Chapter 1. Introduction

  phhttpd is an HTTP accelerator. It serves fast static HTTP fetches
  from a local file-system and passes slower dynamic requests back to a
  waiting server. It features a lean networking I/O core and an
  aggressive content cache that help it perform its job efficiently.
    _________________________________________________________________

Architectural Overview

  phhttpd features a very slim I/O core. It does all its networking work
  using non-blocking system calls driven by whatever event model is most
  appropriate for the host operating system. This allows a single
  execution context to handle as many client connections as the event
  model dictates.

  phhttpd's job is to serve static content as quickly as it possibly
  can. To do this it maintains a cache of content in memory. When a
  request is serviced, phhttpd saves a reference to the on disk content
  and whatever HTTP headers are dependent on the content. Next time a
  request for this content is received, phhttpd can service it very
  quickly. This cache can be prepopulated-populated at run time, or can
  be built dynamically as requests come in. Its size may also be capped
  by the administrator so that it doesn't overwhelm a system.

  phhttpd is a threaded stand alone daemon. The number of threads is
  currently statically defined at run time. Incoming connections are
  evenly balanced among the running threads, regardless of what content
  they may be serving. Connections are served by the thread that
  accepted them until the transfer is done.
    _________________________________________________________________

Supported Systems

  phhttpd is currently only expected to build and run on Linux systems
  using glibc2.1 under a kernel that supports passing POLL* information
  over real-time SIGIO signals. This means later 2.3.x kernels or a
  2.2.x kernel that has been patched.

  I badly want this to change. If you're interested in doing porting
  work to other Operating Systems, please do let me know.
    _________________________________________________________________

Chapter 2. Configuration File

Overview

  phhttpd uses an XML config file format to express how it should behave
  while running. More information on XML may be found near
  [16]http://www.w3.org/XML/

  phhttpd's configuration centers around the concept of virtual servers.
  For us, a virtual server may be thought of as the merging of a
  document tree and the actions phhttpd takes while serving that
  content.

  phhttpd.conf may be thought of as having two main sections. The global
  section, which defines properties that are consistent across the
  entire running phhttpd server, and multiple virtual sections that
  describe properties of that only apply to a virtual server.
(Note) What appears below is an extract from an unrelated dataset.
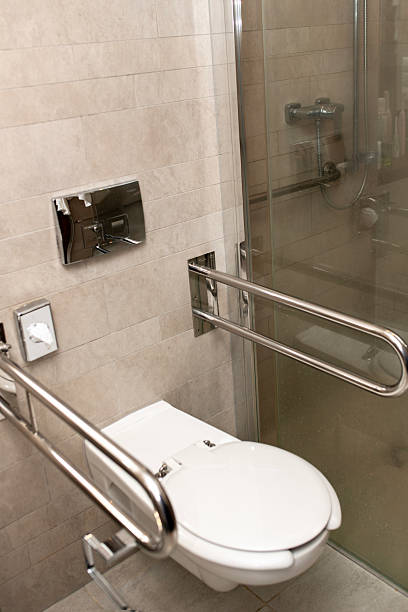 istock Accessible Toilet with Safety Grab Bars in Modern Hotel Bathroom 2215775797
There will
  only be one global section while multiple virtual sections are
  allowed.
    _________________________________________________________________

Global config section

  The global section defines properties of the running server that don't
  apply to a single virtual server. It should be enclosed in

  Global config entities

  cache max=NUM
         Sets the maximum number of cached responses that will be held
         in memory. Each cached responses holds a minimal amount of
         memory. More importantly, each cached response holds an open
         file descriptor to the file with real content and an mmap()ed
         region of that content. phhttpd will start pruning the cache
         when it notices either of these two resources coming under
         pressure, but has no way to easily deduce that its running low
         on memory. The administrator may set this value to set an upper
         bound on the number of responses to keep in memory.

  control file=PATH
         This specifies the file that will be used to talk with
         phhttpd_ctl.

  globallog file=PATH
         This specifies the file to which global messages will be
         logged.

  mime file=PATH
         This specifies the file that contains the mapping of file
         extensions to MIME types. It should be of the form:

text/sgml                       sgml sgm
video/mpeg                      mpeg mpg mpe

  timeout inactivity=NUM
         Controls various network connection timeouts. 'inactivity' sets
         the amount of time that a connection can be idle before phhttpd
         will forcibly disconnect it. inactivity defaults to 0, which
         lets the connections idle until TCP timeouts take effect.

  sendfile
         Enabling this option tells phhttpd to use sendfile() rather
         than write()ing from an mmap()ed region. Avoiding calling
         mmap() will shorten the amount of time it takes to build cached
         responses.
    _________________________________________________________________

Virtual Servers

  A Virtual Server can be thought of the abstraction of serving up a
  content tree ( "docroot" in apache speak). There are a set of
  attributes that are used to define a virtual server. These attributes
  are used to decide which virtual server will process a client's
  request. Then there are attributes which define how the content is
  served.

  A virtual server must have a docroot. The virtual tag in the config
  file has a docroot attribute that must be set.

<virtual docroot=PATH>
       ...
</virtual>

  There can be as many virtual sections in the configuration file as one
  likes.

  Global config entities

  md5
         This enables the generation of the Content-MD5: header. This
         greatly increases the cost of creating a cached response for
         this virtual, because the MD5 function must be applied to the
         entire content of the response. Once the response is created,
         though, there is no per-request overhead.

  prepop
         This will cause phhttpd to traverse the entire docroot at
         initialization time and prepare cached responses for all the
         files it finds. This happens in the back ground during normal
         operation, so there is no dramatic increase in the time it
         takes for phhttpd to start serving connections.

  name
         This tag surrounds the string that will be used to identify the
         server. This string will be compared to the Host: header given
         in the request from the client, or will be compared to the
         'host part' of the full URL if that was given. This will be
         used in combination with the network address and port pair to
         determine if a request should be served by a virtual server.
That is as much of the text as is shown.